Unlike traditional AI models trained on structured tabular data, visual AI operates on vast arrays of pixel data—often millions of features per image—without predefined labels or metadata. These images must be manually annotated, a process that is time-consuming, error-prone, and typically optimized for accuracy, not fairness.
That’s a problem. When fairness isn’t explicitly considered during labeling or model development, the risk of demographic bias, performance gaps across user groups, and real-world harm increases dramatically.
And while regulatory frameworks like the EU AI Act and NYC Bias Law are now making fairness legally required in many high-risk domains, the business case for fairness goes far beyond compliance. Ensuring that your models treat users equitably:
- Builds trust with customers, partners, and stakeholders
- Reduces reputational and litigation risk
- Increases model generalizability and robustness
- Supports ethical, inclusive innovation
In this article, we explore one practical way to tackle this challenge: leveraging benchmark datasets—in particular, the FACET database, designed to help organizations evaluate visual AI systems for fairness even when demographic labels weren’t originally collected.
Fairness and bias in the context of machine learning
To set the scene, we start from the definitions of Bias and Fairness with regards to Visual AI systems (and AI systems in general).
Bias – Whether the model is consistently underperforming by giving importance on specific input features rather than others to make a prediction.
Attention: The statistical notion of bias is different to the AI definition above, statistical bias arises when the selection of the model is not representative of the problem and makes incorrect assumptions (like linearity), leading to consistent errors, regardless of the training data.

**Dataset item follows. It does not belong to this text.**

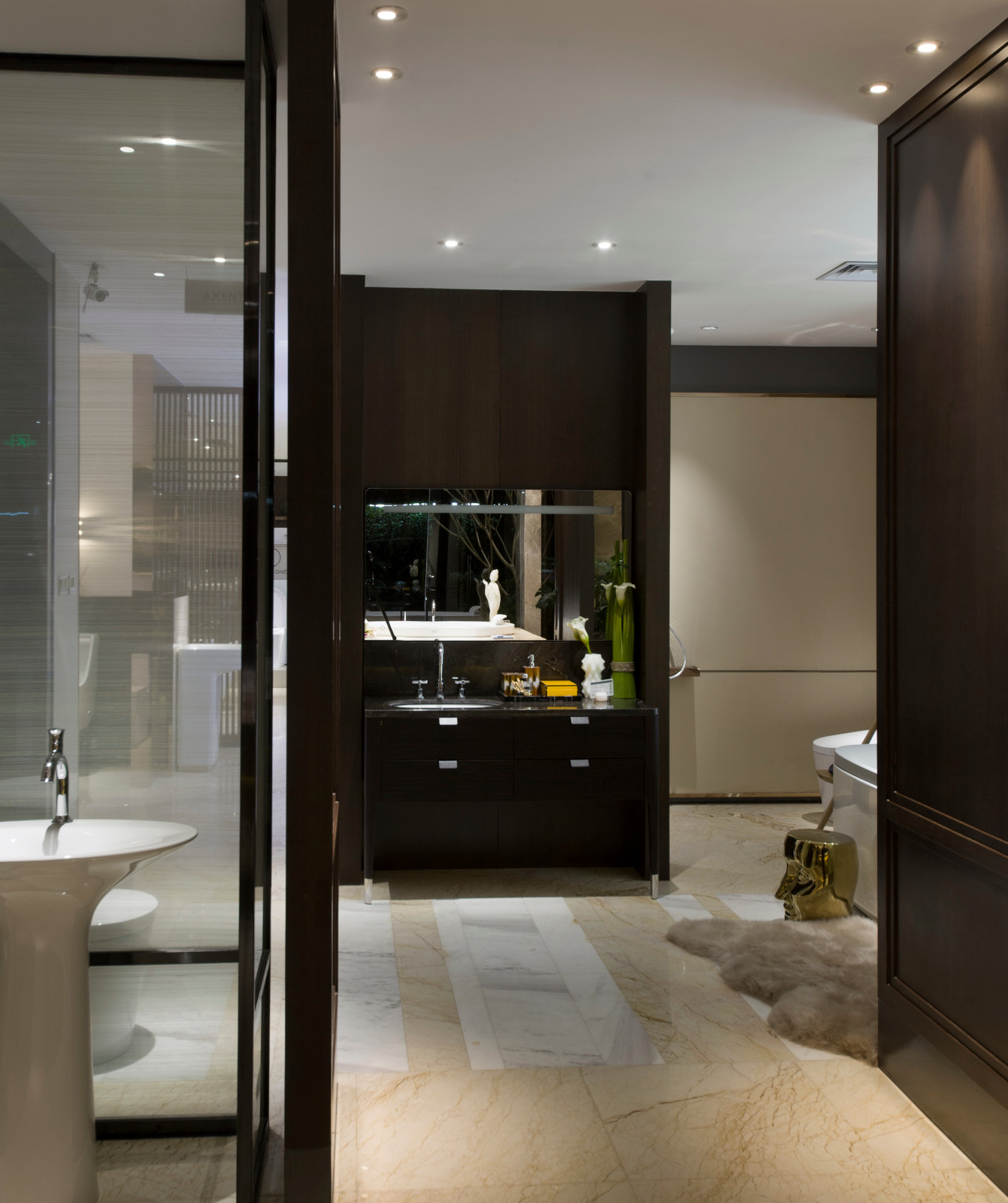 AXENT·恩仕国际顶级卫浴品牌空间-11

Fairness (related to humans) – Whether the outcome of the prediction (not the model’s performance), is fair for different demographic group slices.

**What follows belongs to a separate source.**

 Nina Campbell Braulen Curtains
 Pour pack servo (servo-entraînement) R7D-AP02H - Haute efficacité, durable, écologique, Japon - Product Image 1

Note: A model might be biased, but fair, (e.g. when assigning test scores, if it takes into account the limited resources, background of an individual before it reports the test score results). This specific example can sometimes be called ‘positive bias’.

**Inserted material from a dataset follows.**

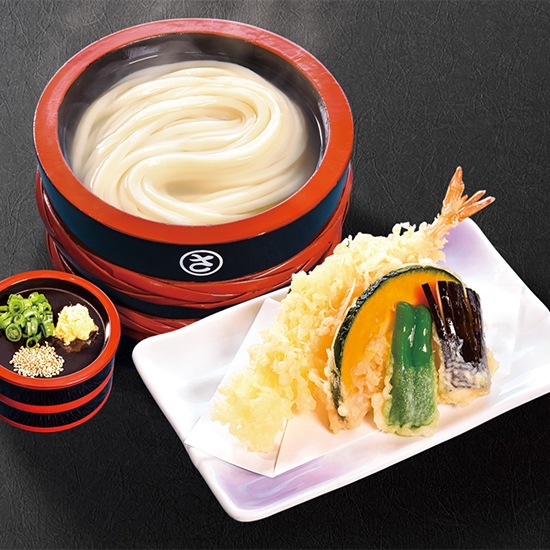 ゆで麺詰合せ10人前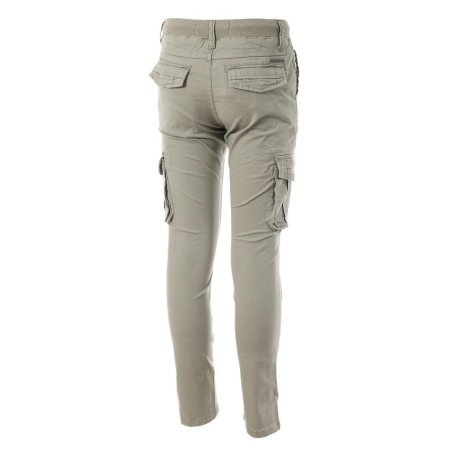 Pantalon Vert Garçon Paname Brothers James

In the following analysis we will assume that the system is designed as such so that the correct detection of a human in a visual AI model, will lead to a positive outcome. Therefore, any bias detected in the sensitive input features (e.g. age, race, gender) will also constitute a fairness problem for the AI system as the model will not be able to detect them and therefore the AI system will not be able to provide them with a positive outcome.
The problem in detecting bias and fairness in Visual AI
Now that the definitions are out of the way and we have set the scene, how does one go about detecting Bias – Fairness issues in Visual AI systems?
Detecting bias:
Let us first look at how bias is identified in ‘tabular AI’ systems which is generally more straightforward than in Visual AI data.
Due to the structured, interpretable nature of tabular features, where protected attributes (like race or gender) are often explicitly labeled, bias in tabular data can be straightforwardly detected using statistical analysis, visualization, and feature attribution techniques like SHAP or LIME. code4thought has also created a proprietary method for providing explanations based on SHAP called MASHAP which is exclusively available on the iQ4AI platform (See our publications [1] and [2]).
The SHAP technique produces a weight for each of the features of the tabular data, that represents the amount it contributed to the final output. An example of such a result is shown in Figure 1 using code4thought’s proprietary iQ4AI platform.

Figure 1. SHAP explainability results obtained by code4thought’s iQ4AI platform,
for a binary classification problem on tabular data.
In contrast to tabular AI systems, image data ingested in Visual AI systems is both unstructured and orders of magnitude higher in input feature dimensionality. Whereas tabular data may typically have 20-100 features per sample, the input features available in images depend on the number of pixels in the image and are the scale of 10^6 features per sample.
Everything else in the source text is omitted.